__Action item__: Restate exactly, and only, the lines spanning from the one with "드래곤볼 Z BLOOD OF SAIYANS 초사이어인 3 손오공 피규어" to the end of the records below.

Dataset entries:
Content starts

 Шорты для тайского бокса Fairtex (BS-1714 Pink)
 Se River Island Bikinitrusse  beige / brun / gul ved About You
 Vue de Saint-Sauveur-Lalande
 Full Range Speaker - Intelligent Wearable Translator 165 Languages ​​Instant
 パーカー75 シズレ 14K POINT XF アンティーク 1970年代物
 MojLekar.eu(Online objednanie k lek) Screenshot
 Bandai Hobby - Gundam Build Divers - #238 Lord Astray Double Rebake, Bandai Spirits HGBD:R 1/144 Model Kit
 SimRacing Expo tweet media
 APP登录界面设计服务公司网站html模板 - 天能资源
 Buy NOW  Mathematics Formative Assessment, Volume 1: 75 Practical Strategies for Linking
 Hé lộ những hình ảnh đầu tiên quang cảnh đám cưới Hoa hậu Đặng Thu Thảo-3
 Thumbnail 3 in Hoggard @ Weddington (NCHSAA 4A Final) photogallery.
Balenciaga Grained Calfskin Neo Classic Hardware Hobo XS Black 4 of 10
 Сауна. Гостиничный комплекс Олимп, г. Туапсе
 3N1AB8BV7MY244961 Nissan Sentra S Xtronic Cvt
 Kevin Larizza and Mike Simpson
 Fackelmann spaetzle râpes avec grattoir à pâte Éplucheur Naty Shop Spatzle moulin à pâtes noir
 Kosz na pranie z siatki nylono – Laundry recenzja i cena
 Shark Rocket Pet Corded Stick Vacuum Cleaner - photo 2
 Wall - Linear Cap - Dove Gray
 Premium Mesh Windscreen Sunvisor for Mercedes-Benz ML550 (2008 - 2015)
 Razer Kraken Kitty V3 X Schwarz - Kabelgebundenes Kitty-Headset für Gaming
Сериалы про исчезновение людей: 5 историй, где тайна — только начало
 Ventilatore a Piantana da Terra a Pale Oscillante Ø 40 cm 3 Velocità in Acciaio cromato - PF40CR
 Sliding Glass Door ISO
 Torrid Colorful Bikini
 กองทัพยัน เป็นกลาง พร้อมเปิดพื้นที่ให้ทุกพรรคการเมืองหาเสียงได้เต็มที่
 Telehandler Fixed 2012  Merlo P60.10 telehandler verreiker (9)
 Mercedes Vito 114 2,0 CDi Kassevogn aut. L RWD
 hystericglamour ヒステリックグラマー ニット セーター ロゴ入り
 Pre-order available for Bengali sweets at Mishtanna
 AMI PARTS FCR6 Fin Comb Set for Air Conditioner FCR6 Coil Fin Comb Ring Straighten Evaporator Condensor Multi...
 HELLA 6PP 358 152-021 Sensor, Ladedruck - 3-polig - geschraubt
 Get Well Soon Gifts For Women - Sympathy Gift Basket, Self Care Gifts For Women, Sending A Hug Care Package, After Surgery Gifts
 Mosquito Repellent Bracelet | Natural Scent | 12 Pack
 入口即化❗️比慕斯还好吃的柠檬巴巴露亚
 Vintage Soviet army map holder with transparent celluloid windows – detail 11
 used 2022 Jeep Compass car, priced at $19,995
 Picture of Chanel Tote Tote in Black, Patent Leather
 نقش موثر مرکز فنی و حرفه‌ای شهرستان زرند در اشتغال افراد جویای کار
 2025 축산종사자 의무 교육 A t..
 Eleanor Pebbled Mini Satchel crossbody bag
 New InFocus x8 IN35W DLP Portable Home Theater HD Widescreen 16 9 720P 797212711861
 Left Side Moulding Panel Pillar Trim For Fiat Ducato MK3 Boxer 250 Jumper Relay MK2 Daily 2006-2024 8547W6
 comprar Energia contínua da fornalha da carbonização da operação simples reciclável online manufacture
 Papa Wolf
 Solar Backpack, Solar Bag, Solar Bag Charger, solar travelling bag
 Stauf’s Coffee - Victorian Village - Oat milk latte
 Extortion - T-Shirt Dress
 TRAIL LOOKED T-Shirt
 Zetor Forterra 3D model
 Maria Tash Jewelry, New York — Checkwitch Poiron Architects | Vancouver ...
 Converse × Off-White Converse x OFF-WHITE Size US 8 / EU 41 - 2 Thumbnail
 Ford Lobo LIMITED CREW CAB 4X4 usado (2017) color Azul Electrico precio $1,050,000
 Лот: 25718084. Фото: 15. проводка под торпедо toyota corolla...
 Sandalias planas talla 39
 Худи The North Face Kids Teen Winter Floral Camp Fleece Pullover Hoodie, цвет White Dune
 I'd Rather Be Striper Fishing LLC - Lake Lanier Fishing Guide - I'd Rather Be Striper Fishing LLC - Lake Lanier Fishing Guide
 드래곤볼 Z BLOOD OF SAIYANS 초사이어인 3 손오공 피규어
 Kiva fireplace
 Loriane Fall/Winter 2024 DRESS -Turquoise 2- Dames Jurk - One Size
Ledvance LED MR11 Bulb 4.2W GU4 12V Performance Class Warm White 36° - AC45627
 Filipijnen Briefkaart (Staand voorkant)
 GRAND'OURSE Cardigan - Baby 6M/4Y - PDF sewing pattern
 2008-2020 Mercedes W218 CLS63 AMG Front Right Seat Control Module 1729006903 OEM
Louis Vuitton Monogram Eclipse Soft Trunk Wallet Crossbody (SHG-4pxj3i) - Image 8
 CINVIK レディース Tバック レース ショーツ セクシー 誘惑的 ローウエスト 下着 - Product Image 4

Content ends

__Result__:
 드래곤볼 Z BLOOD OF SAIYANS 초사이어인 3 손오공 피규어
 Kiva fireplace
 Loriane Fall/Winter 2024 DRESS -Turquoise 2- Dames Jurk - One Size
Ledvance LED MR11 Bulb 4.2W GU4 12V Performance Class Warm White 36° - AC45627
 Filipijnen Briefkaart (Staand voorkant)
 GRAND'OURSE Cardigan - Baby 6M/4Y - PDF sewing pattern
 2008-2020 Mercedes W218 CLS63 AMG Front Right Seat Control Module 1729006903 OEM
Louis Vuitton Monogram Eclipse Soft Trunk Wallet Crossbody (SHG-4pxj3i) - Image 8
 CINVIK レディース Tバック レース ショーツ セクシー 誘惑的 ローウエスト 下着 - Product Image 4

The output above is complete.